If you look at Steve’s iMDB page you’ll notice that between 2008 and 2018 there is almost nothing. Yes, he did do some advertising work but for the most part his life was focused on taking care of his mom. His agent ended up dropping him and until this documentary came out, his career was essentially over. Relationships within his family, who watched this saga drag on for a decade, became frayed and in some cases unraveled completely.
Burrows shows the incident from all sides whenever possible, interviewing the various participants as well as experts in the medical insurance business. We get a fairly comprehensive view although his intent – and rightly so – is to give his mom a voice. She is the one who has been most devastated by all of this. Steve has had his own suffering; as he suffers setback after setback, listens to his own mother sob that she wants to die, getting no help from any corner, his sense of humor begins to ebb and the weight of the world is clearly on his shoulders. I don’t know what I would do in his shoes but there would be a lot of tears and yelling.
This is a sobering and depressing film that is nonetheless essential viewing. We often talk about the state of the healthcare system but here it is in al it’s ignominy. People like Judie Burrows, through no fault of their own, are left holding the bag physically and financially, their lives altered in meaningful ways, their future grim. For all the political talk about why single payer healthcare won’t work here, it remains a fact that had Judie resided just a few hundred miles north, she wouldn’t have been bankrupted because she’d have been living in Canada.
Medical errors are the third largest cause of death in the United States to the tune of a quarter of million deaths annually. Think of it as three fully occupied 747s crashing every day. Certainly there’d be more of a hue and cry if that were going on but partly because we tend to hold doctors in such high esteem – and honestly, most are deserving of it – we seem to be willing to allow them to dodge accountability when, as human beings, they mess up.
I don’t think it’s possible to watch this movie without feeling angry – not so much at the doctors, although there is some to spare for the doctor who falsified records and lied about it – but at the insurance companies, the for-profit hospitals and the politicians who protect their interests at the expense of the patients. If you ever wondered if your local representative is looking out for you, this is a movie that will put in stark focus that they are not.
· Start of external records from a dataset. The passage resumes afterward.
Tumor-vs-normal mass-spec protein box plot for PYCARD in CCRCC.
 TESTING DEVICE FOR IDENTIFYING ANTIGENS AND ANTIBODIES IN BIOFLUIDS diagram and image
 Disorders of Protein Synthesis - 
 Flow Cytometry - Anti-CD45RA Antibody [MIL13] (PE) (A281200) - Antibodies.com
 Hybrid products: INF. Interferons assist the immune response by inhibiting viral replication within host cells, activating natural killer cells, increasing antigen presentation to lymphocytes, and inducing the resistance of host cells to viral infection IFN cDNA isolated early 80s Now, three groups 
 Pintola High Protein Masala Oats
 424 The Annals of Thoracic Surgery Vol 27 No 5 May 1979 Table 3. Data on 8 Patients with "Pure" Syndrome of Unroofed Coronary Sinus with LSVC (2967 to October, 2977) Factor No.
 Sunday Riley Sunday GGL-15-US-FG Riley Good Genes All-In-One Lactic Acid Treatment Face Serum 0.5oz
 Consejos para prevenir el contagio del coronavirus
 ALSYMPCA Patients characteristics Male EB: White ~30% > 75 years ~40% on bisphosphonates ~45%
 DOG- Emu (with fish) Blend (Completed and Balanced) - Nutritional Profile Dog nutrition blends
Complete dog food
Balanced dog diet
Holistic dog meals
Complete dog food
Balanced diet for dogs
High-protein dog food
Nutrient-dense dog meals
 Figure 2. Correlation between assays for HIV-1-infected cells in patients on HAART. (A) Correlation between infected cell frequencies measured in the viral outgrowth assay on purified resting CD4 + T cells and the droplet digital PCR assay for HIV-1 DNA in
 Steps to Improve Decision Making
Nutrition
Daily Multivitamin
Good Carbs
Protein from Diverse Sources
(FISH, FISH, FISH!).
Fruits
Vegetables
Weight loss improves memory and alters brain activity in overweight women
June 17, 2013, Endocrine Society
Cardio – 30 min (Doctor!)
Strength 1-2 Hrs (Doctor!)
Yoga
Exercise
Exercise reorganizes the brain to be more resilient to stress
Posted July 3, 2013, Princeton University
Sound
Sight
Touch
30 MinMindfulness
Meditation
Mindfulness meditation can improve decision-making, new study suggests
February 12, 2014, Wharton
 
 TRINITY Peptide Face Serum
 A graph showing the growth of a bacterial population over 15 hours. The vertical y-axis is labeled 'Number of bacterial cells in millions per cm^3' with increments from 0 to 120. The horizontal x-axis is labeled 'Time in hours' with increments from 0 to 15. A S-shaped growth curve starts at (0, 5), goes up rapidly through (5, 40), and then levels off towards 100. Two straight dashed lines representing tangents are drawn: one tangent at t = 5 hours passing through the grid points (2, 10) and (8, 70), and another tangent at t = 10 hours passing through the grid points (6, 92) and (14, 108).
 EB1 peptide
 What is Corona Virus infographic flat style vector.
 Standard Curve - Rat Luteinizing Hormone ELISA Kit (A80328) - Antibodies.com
REASONS TO GO: The story is absolutely flabbergasting. Burrows lays out the various facets of the film very succinctly, covering all sorts of different dimensions. Burrows is a likable on-camera presence.
REASONS TO STAY: This cautionary tale may hit a little too close to home for some.
FAMILY VALUES: There is some profanity and plenty of adult themes.
TRIVIAL PURSUIT: Steve Burrows got his start as a member of Chicago’s famed Second City improv troupe.
BEYOND THE THEATERS: HBO Go
CRITICAL MASS: As of 12/28/18: Rotten Tomatoes: No score yet. Metacritic: No score yet.